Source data
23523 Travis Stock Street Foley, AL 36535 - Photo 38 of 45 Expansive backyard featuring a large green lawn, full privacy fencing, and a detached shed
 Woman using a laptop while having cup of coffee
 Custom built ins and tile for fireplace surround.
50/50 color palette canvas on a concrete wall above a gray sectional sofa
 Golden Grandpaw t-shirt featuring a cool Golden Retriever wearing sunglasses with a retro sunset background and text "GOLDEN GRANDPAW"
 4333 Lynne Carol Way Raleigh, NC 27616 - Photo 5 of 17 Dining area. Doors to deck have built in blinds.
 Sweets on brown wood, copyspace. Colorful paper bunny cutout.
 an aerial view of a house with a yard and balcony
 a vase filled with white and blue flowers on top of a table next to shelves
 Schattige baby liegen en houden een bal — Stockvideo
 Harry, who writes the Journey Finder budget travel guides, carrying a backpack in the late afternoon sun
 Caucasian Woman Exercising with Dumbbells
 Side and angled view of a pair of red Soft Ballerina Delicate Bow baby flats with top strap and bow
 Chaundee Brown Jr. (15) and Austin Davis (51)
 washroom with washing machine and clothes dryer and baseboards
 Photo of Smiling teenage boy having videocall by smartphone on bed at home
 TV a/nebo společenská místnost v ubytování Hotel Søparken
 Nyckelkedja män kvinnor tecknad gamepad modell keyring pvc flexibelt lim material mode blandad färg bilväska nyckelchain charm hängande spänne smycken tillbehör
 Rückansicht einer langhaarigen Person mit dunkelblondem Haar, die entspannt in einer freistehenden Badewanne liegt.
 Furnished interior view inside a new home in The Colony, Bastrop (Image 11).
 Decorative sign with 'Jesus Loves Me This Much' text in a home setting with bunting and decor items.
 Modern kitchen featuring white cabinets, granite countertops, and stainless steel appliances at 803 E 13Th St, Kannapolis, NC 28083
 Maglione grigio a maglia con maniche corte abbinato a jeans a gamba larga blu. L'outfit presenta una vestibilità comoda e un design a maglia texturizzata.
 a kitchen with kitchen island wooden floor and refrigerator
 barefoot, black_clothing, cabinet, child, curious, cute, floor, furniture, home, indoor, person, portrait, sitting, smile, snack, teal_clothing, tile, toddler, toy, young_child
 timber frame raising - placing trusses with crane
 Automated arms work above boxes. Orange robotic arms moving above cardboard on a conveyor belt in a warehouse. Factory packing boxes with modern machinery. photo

PROBLEM REQUIREMENTS
Output the first line of the entries above and every line after it, exactly as written, ending with the line that contains "an aerial view".

RESPONSE
23523 Travis Stock Street Foley, AL 36535 - Photo 38 of 45 Expansive backyard featuring a large green lawn, full privacy fencing, and a detached shed
 Woman using a laptop while having cup of coffee
 Custom built ins and tile for fireplace surround.
50/50 color palette canvas on a concrete wall above a gray sectional sofa
 Golden Grandpaw t-shirt featuring a cool Golden Retriever wearing sunglasses with a retro sunset background and text "GOLDEN GRANDPAW"
 4333 Lynne Carol Way Raleigh, NC 27616 - Photo 5 of 17 Dining area. Doors to deck have built in blinds.
 Sweets on brown wood, copyspace. Colorful paper bunny cutout.
 an aerial view of a house with a yard and balcony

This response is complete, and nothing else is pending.